Poirot prosiguió diciendo, un tanto amodorradamente:

—Aquel cuadro, aquel cuadro… No conseguía olvidarme de él. ¿Por qué lo había instalado Restarick en su despacho? ¿Qué especial significación tenía para él? Enfin, cuando analizo mi comportamiento me irrita. He sido demasiado tardo, lento, torpe…

—No entiendo lo del cuadro.

—Tratábase de una idea estupenda. El lienzo venía a ser una especie de certificado de identidad. Veamos… Había un par de retratos: esposo y esposa, firmados por un artista popular en su día. David Baker reemplazó el de Restarick con uno de Orwell, en el que éste aparece veinte años más joven. Nadie hubiera podido sospechar que el retrato era una superchería. Por su estilo, por ciertos toques especiales, por muchos otros conceptos, resulta ser una obra espléndida, convincente. Cualquiera que hubiese conocido a Restarick años atrás podía decir: «¡Me ha costado trabajo reconocerle!» O bien: «¡Qué cambiado está usted!» En realidad, lo que tenía que pensar el observador era que él mismo no se acordaba del aspecto del otro hombre años atrás.

—Corrió un gran riesgo Restarick al proceder así… Orwell, mejor dicho —manifestó la señora Oliver, pensativa.

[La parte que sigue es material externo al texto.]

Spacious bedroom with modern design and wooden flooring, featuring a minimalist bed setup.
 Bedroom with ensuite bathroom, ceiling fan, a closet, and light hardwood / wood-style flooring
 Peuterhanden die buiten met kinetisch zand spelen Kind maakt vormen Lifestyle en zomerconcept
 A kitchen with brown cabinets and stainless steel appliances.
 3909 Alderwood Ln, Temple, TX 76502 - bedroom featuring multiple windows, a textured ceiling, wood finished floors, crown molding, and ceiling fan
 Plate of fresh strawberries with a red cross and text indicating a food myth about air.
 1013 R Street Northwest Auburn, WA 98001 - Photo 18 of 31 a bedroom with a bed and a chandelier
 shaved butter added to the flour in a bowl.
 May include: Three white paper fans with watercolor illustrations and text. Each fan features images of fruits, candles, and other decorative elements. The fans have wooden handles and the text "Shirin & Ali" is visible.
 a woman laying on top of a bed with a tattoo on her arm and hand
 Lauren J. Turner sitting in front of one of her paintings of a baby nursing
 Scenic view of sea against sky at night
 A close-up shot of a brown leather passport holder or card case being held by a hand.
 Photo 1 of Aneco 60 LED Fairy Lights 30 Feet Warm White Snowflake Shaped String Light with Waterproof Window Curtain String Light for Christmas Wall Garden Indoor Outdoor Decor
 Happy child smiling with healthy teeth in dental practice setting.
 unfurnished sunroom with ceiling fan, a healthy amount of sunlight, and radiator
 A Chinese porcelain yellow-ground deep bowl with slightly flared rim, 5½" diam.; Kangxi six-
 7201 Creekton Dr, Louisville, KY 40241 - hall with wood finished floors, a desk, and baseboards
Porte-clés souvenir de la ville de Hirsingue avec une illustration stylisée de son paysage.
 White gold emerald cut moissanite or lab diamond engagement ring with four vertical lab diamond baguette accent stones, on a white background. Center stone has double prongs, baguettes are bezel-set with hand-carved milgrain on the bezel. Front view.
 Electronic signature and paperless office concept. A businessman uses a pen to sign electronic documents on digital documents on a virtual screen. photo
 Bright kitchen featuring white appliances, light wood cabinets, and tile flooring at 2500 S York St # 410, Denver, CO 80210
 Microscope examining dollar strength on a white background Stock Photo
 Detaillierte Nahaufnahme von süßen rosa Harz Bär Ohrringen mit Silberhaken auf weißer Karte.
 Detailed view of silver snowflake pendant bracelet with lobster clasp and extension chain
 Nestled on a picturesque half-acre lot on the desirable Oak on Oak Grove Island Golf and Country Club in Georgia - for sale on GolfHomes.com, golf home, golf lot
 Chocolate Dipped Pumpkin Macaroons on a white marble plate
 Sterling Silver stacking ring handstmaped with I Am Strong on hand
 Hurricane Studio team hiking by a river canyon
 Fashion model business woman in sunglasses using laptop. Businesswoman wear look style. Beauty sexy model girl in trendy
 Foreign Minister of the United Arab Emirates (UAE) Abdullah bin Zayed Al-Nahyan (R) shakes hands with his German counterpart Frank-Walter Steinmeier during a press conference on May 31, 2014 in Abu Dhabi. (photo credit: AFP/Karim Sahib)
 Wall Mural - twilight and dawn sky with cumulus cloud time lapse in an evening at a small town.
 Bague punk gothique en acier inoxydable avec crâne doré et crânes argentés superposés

—El riesgo era menor del que usted se figura. No fue nunca un claimant en sentido de Tichborne. Era solamente un miembro de una conocida firma de la City, que se reintegraba a su patria tras el fallecimiento de su hermano. Sin más complicaciones tenía que hacerse cargo de los negocios de aquél. Se presentó aquí con su joven esposa, a la que conoció en el extranjero. Los dos se acomodaron en la casa de un pariente, de un tío, hombre distinguido y medio ciego, que nunca había tenido contacto con Andrew Restarick desde los años de la niñez. Esa persona aceptó sin discusión la presencia de la pareja. No tenía más parientes, si se exceptúa la hija, a la que viera por última vez cuando contaba cinco años de edad. Al partir Andrew para África del Sur, el personal de su oficina se reducía a dos empleados de edad avanzada, que fallecieron posteriormente. No hablo de los empleados jóvenes porque éstos duran siempre muy poco en todas partes. El abogado de la familia había muerto también. Pueden ustedes estar seguros de ello: la situación fue estudiada a fondo por Frances una vez decidida ésta a dar el golpe con la colaboración de su compañero.

»Ella le había conocido, al parecer, en Kenya, dos años antes. Eran dos granujas con diferentes metas. Él tuvo que ver con varios negocios sucios referentes a prospecciones petrolíferas… Restarick y Orwell se trasladaron, juntos, a uno de los atrasados países del continente africano, ocupados en asunto de minerales. Luego, circuló el rumor de la muerte de Restarick (probablemente cierto), noticia que más tarde fue desmentida.